A building being locked out of linking to hardware

Posted on Tuesday, May 23, 2017

When Microsoft announced the forthcoming release of Azure Stack, many CTOs thought that they may be able to deploy MS-style cloud services in-house.

The ability to scale resources on demand has been one of the largest benefits of hosted infrastructure after all. And the option to scale-out into the Azure cloud proper is even more compelling.

When pricing details were released back in March, we learned that the service would be on the same pay-as-you-use basis – albeit slightly cheaper because Azure Stack users would have to provide their own hardware.

Unfortunately things have changed slightly.

Azure in a can. A very special can.

Skip forward to May, and we have learned that Azure Stack is nearing completion. We have also discovered that businesses will not be able to deploy Azure Stack on their own hardware after all.

Instead Azure Stack will ship pre-installed on boxes provided by Dell EMC, HPE, Lenovo and Cisco.
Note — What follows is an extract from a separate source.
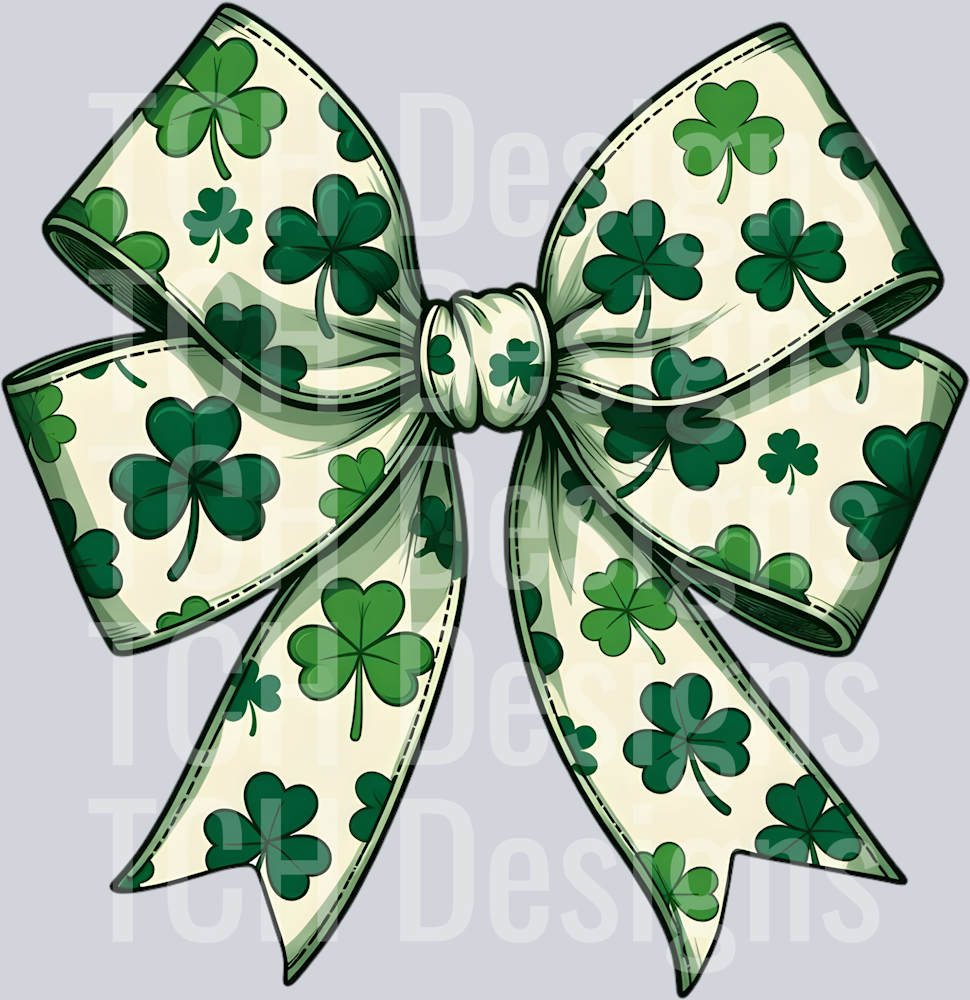 Retro Coquette St Patrick_s Day Bow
There will not be any DIY Azure options, and white box vendors like Supermicro, Quanta, Huawei, Inspur and Sugon will also be left out in the cold.

Which begs the question – after purchase of all-new hardware to run Azure Stack, how much of a saving will the new service actually offer over its off-site cousin?

SDS is still the only way

The decision to limit Azure Stack deployments to new hardware seems to have been designed to help a select group of vendors sell more units. It also means that the only option for on-site cloud-type deployments remains software defined storage (SDS).

Using these technologies your business can deploy the arrays and controllers it chooses, including post-warranty systems. In this way, you really can reduce cloud deployment and running costs without compromising data availability or operations.